Applications on the NC BioGrid
The prototype application for the NC BioGrid has been NCBI BLAST. This application in particular was selected because of its wide use the bioinformatics research community. BLAST is also well suited for this purpose because it is a relatively simple application that can be both data and compute intensive.
There are two ways in which BLAST has been grid-enabled for use on the NC BioGrid. First, the Avaki Data Grid is used to make BLAST databases (which are really just flat files) available to all nodes participating in the grid under a uniform path name. Second, the BLAST executable has been "registered" with the Avaki Compute Grid to allow it to be run on all hosts in the grid without having to pre-install the BLAST executable on them. Instead, when a user invokes BLAST on the grid, the BLAST executable along with user input files will be copied to grid nodes in a process that is transparent to the user. Wir haben umfangreiche Forschungen uber getan, und erlautern die Vor-und Nachteile in leicht verstandliche Sprache. Ist es besser als Viagra?

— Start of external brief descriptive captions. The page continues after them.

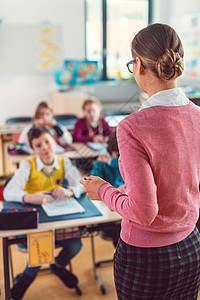 小学班级与学生一起上课的教师工作经验男孩们教育孩子们女学生文法房间学校女孩们图片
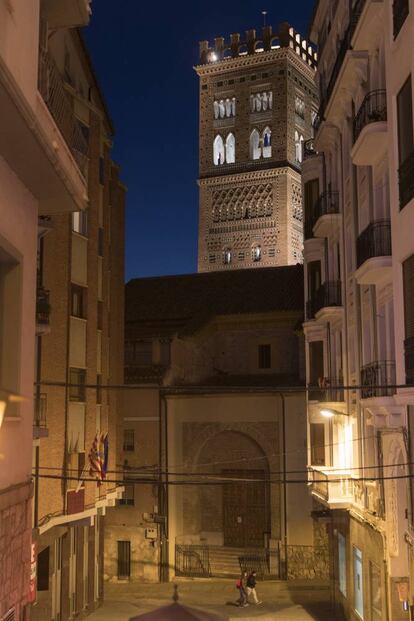 Vista de la torre de la iglesia de San Martín de Teruel.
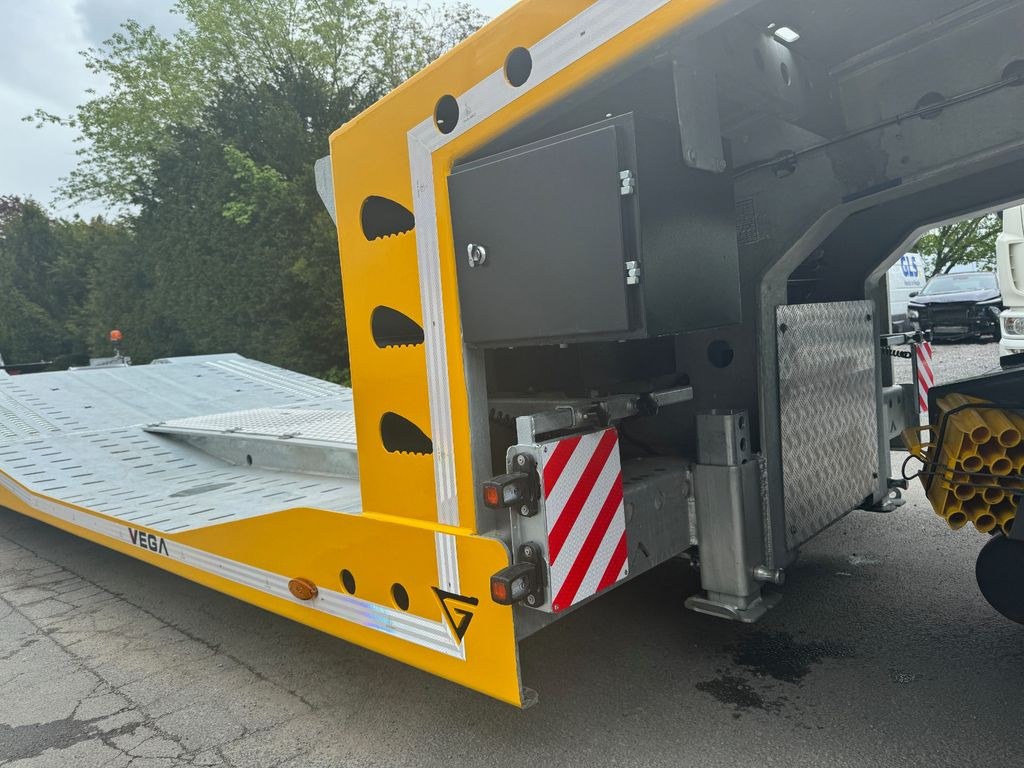 Vega Arla ZINK+LUFT+LED+Winde Vega Arla ZINK+LUFT+LED+Winde - Naczepa do przewozu samochodów: zdjęcie 5 Vega Arla ZINK+LUFT+LED+Winde Vega Arla ZINK+LUFT+LED+Winde - Naczepa do przewozu samochodów: zdjęcie 5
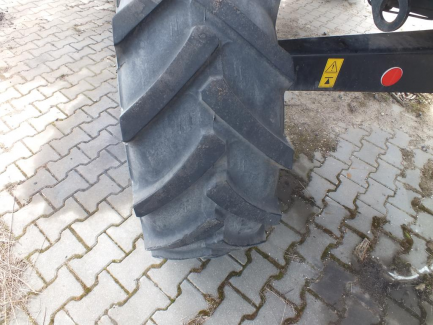 Zdjęcie przedmiotu: Kombajn zbożowy NEW HOLLAND TC 5.80 479 + header NEW HOLLAND 17 + w&oacute;zek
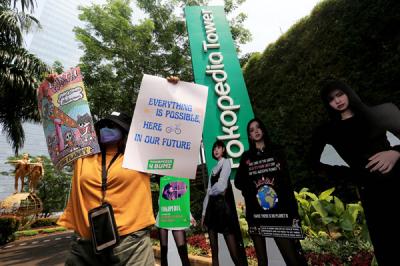 Fans K-Pop yang tergabung dalam kpop4planet menggelar aksi damai di depan Tokopedia Tower, Jakarta, Jumat (1/10/2021).
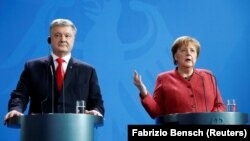 Президент України Петро Порошенко (л) і канцлер Німеччини Анґела Меркель, Берлін, 12 квітня 2019 року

A target user for this type of grid-enabled BLAST would be a bioinformatics researcher with a large number of gene sequences to compare against a protein or nucleotide database. Here is a slightly simplified example of how this can be done:
- The researcher puts each gene sequence into a separate FASTA-format input file. Each input file will correspond to a distinct job to be run on the grid.
- She then creates a small job definition file that specifies the names of the input and output files using a simple wildcarding syntax.
- Next, she executes the "avaki run" command to launch the BLAST job on the grid.
- The Compute Grid will create a candidate list of hosts that are available for running the job based on criteria such as architecture type and current load.
- The Compute Grid then launches jobs to candidate hosts. During this process, the BLAST executable is copied to the host (assuming it's not already cached on that host), as will be the input file that corresponds to that particular job. This process is sometimes referred to as file staging.
- When BLAST runs, it will use the Data Grid to access the database file that is to be searched.
- When the BLAST completes, the Compute Grid will retrieve the output files and copy them to the location that the researcher specified in the job definition file.
- As jobs complete and free up slots on grid servers, the Compute Grid will launch additional jobs until all have been run.